**Material to process**:

+--

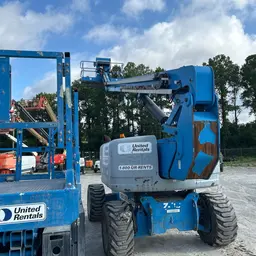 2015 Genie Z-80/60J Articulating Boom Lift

+--

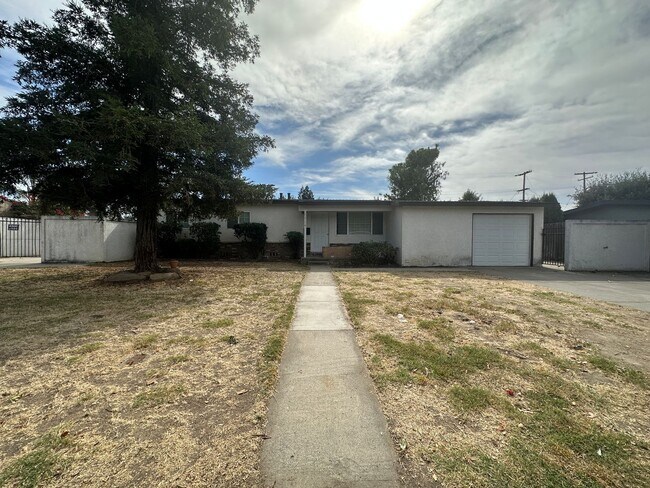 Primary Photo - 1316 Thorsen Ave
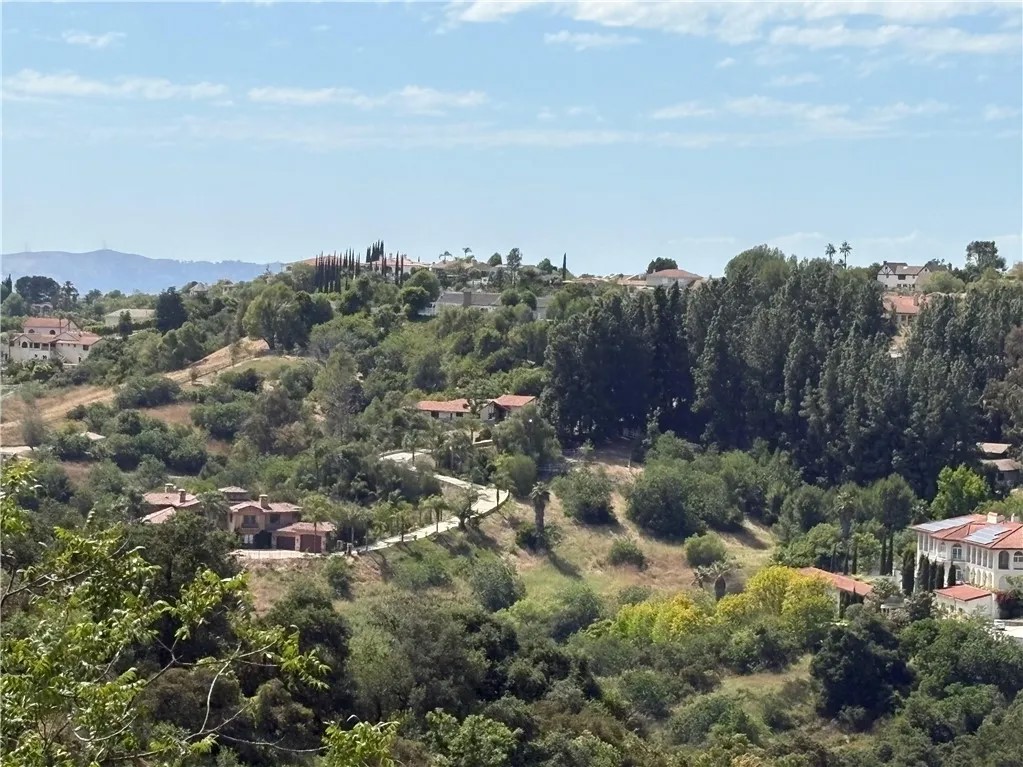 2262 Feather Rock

+--

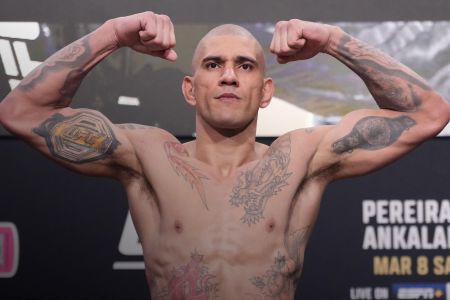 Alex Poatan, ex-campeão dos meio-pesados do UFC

+--

Quote the data above exactly from the line with "Primary Photo - 1316 Thorsen Ave" to the line with "2262 Feather Rock", both ends counted, and nothing else. Pictures don't go in.

 Primary Photo - 1316 Thorsen Ave
 2262 Feather Rock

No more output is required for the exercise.